*** Data supplied
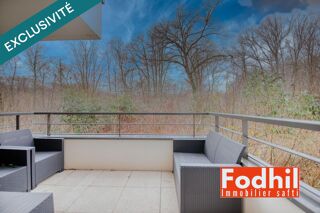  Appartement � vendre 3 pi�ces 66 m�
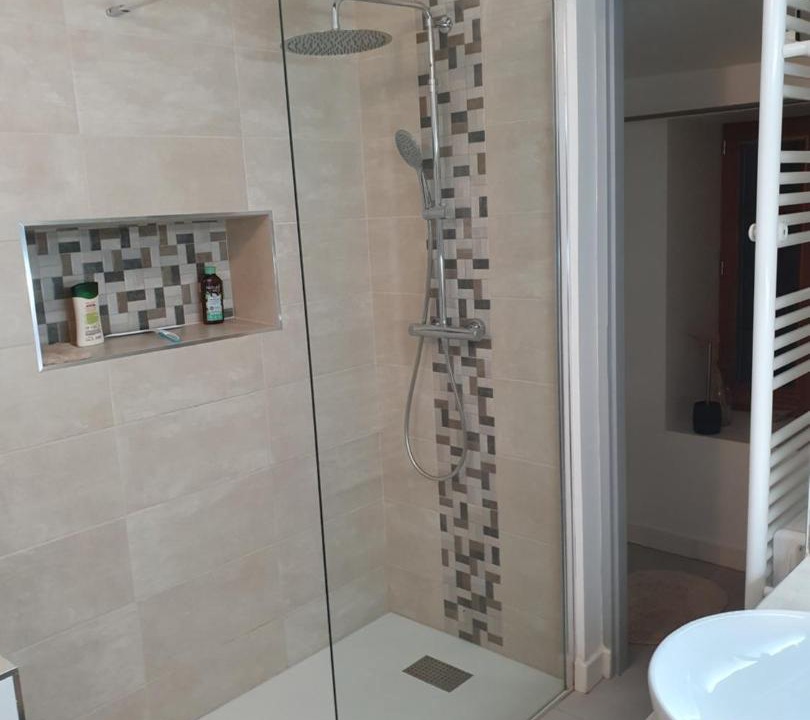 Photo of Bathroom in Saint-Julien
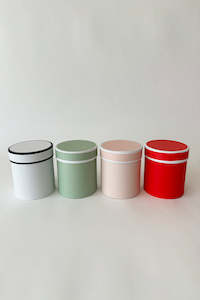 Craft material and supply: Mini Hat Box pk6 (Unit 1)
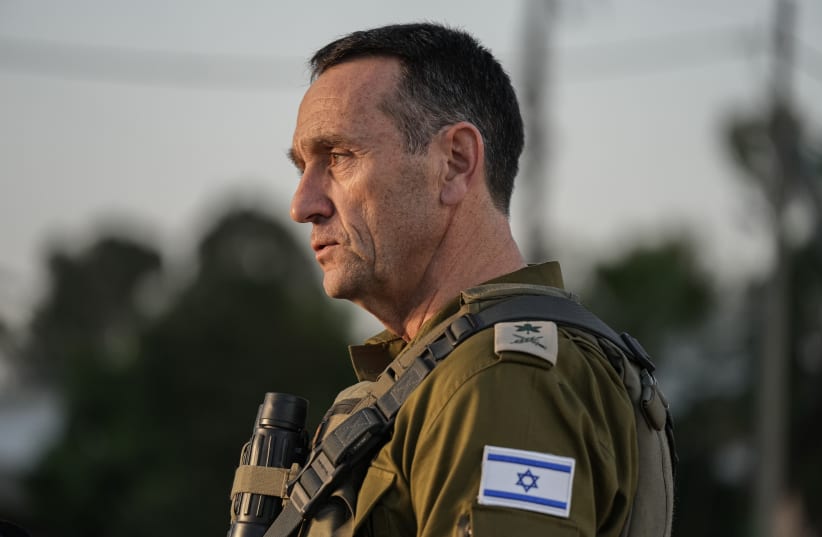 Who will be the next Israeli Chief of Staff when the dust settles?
******
*** Data supplied
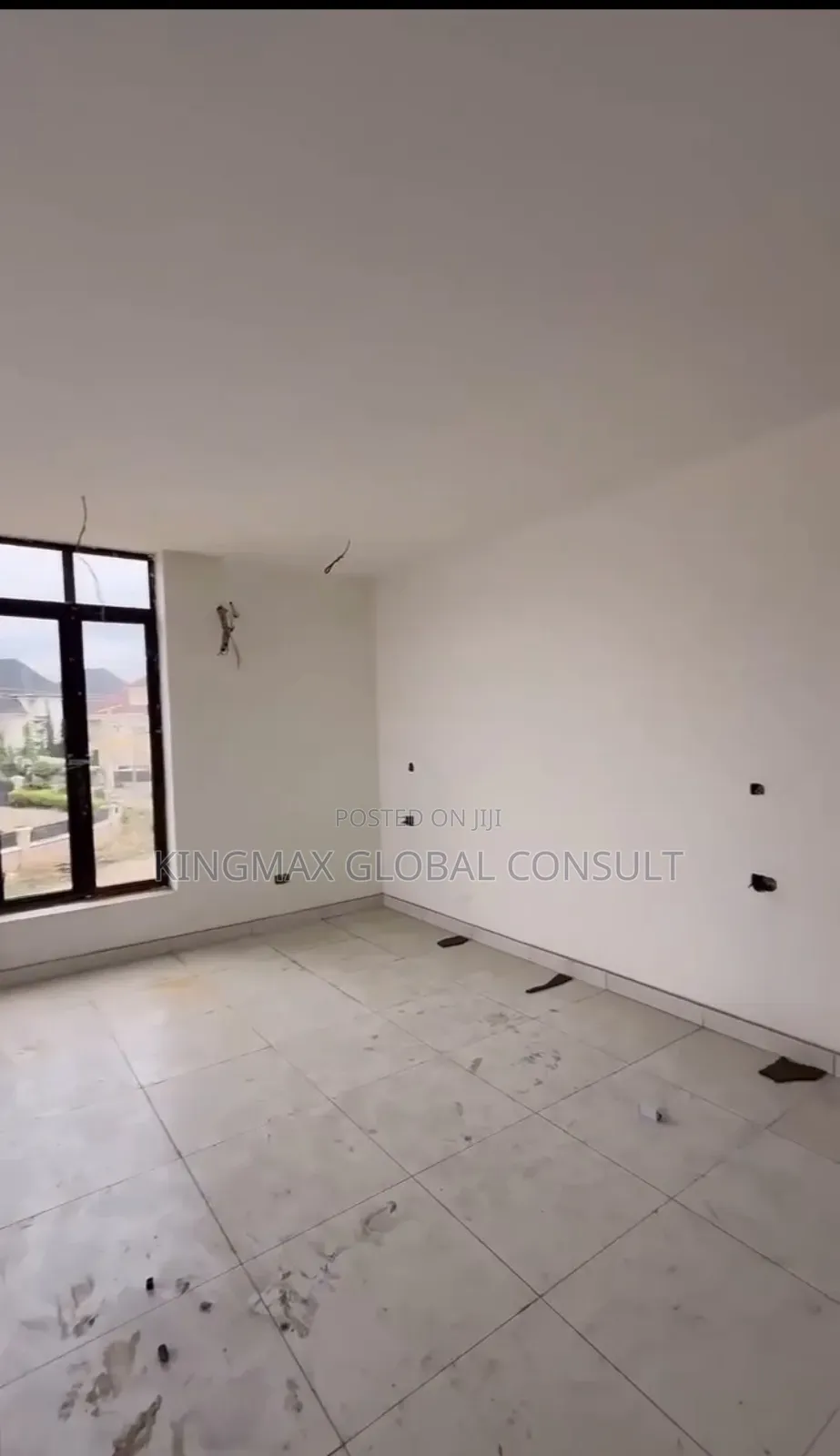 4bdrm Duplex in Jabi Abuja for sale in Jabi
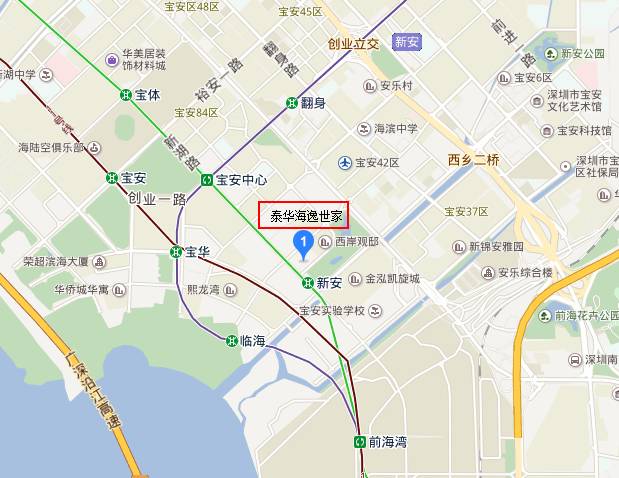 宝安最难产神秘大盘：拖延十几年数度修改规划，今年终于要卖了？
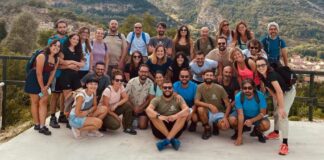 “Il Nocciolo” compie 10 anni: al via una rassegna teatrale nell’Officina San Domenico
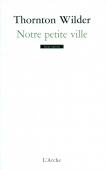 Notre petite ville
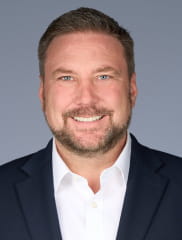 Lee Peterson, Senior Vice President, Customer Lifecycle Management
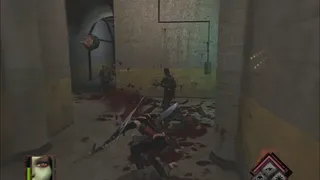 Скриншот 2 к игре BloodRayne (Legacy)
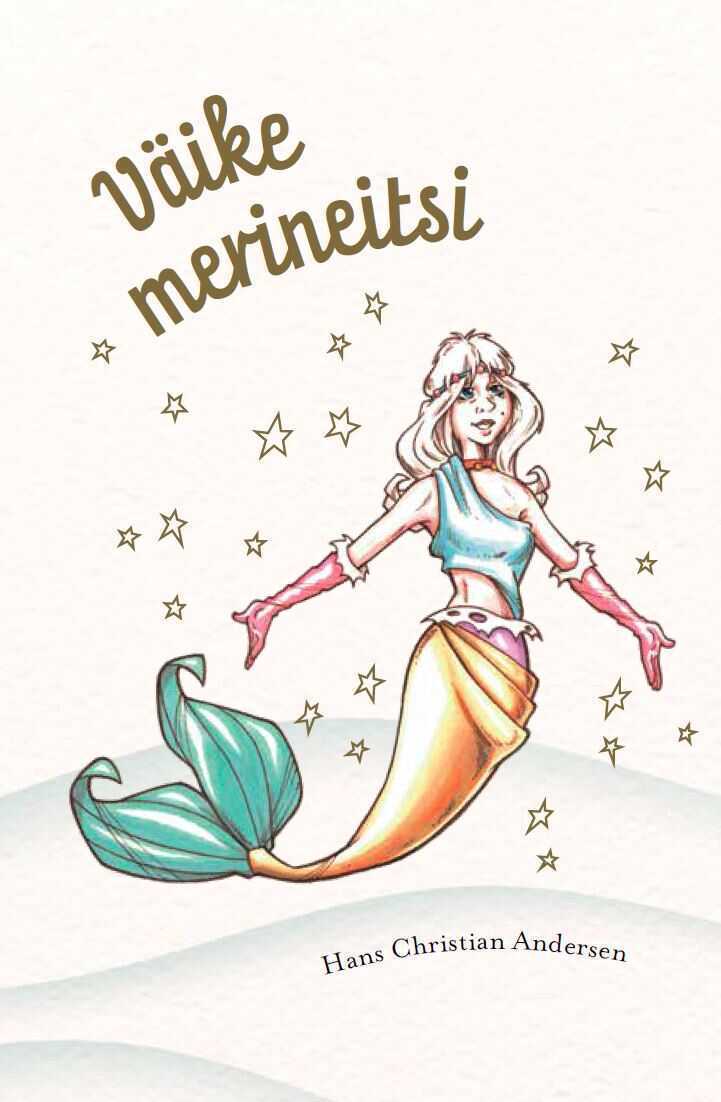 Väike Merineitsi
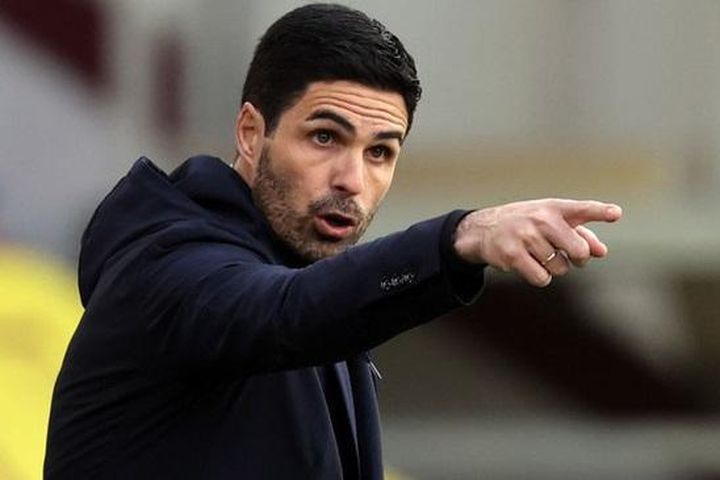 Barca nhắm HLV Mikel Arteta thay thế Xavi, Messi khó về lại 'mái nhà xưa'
******
*** Data supplied
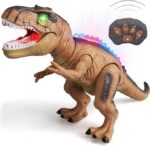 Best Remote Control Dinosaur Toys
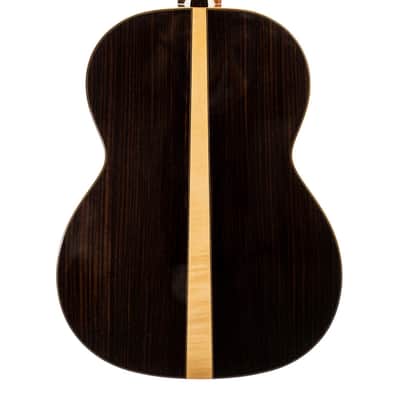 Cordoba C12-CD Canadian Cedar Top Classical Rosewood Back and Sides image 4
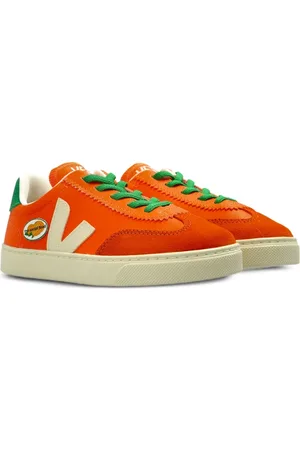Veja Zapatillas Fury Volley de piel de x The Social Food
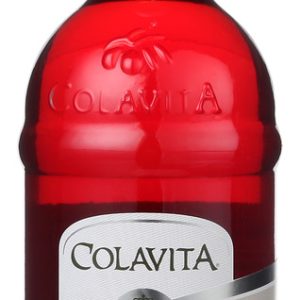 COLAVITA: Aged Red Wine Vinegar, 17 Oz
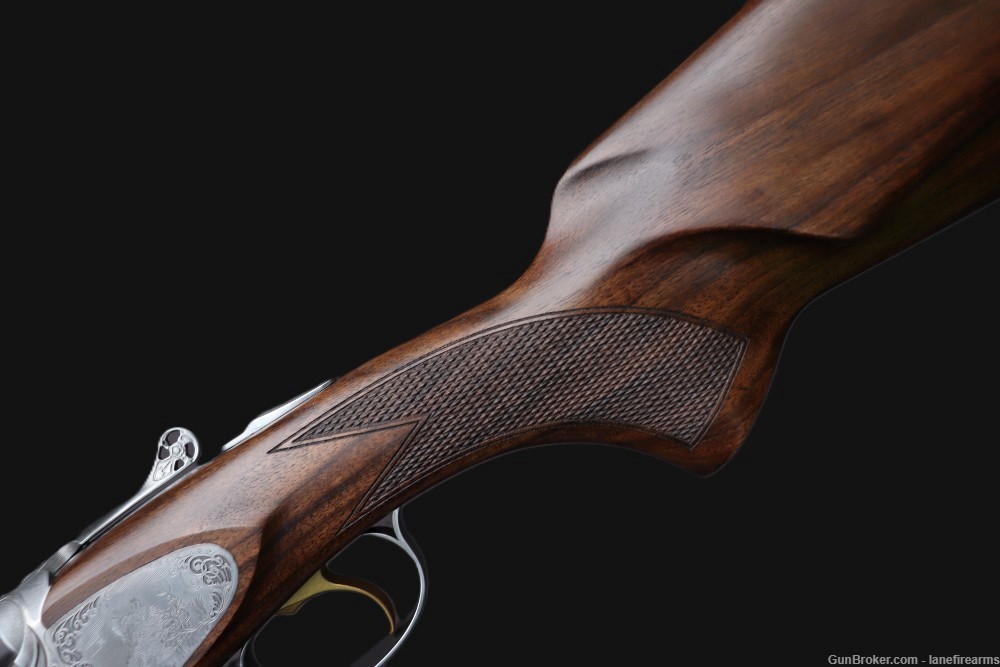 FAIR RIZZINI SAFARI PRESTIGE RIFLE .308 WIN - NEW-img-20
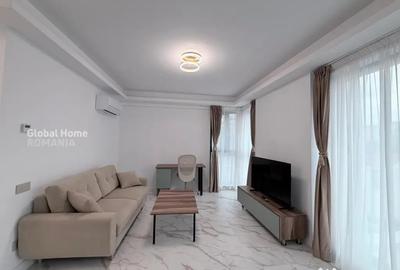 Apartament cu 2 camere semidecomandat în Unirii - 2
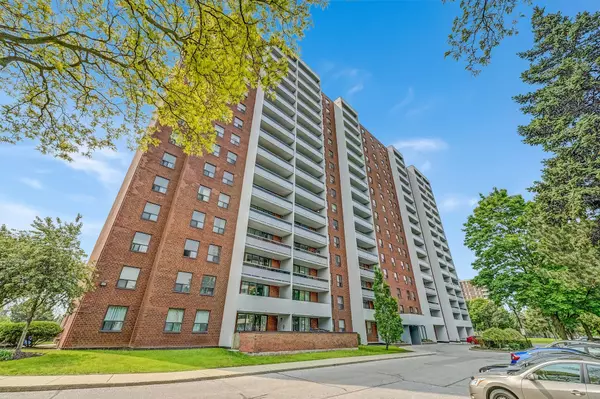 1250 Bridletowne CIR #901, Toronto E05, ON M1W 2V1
******
# What you need to do:
Using the data above, transcribe exactly the lines between those containing "FAIR RIZZINI SAFARI" and "1250 Bridletowne CIR", inclusive, and leave every picture behind.

# Solution:
 FAIR RIZZINI SAFARI PRESTIGE RIFLE .308 WIN - NEW-img-20
 Apartament cu 2 camere semidecomandat în Unirii - 2
 1250 Bridletowne CIR #901, Toronto E05, ON M1W 2V1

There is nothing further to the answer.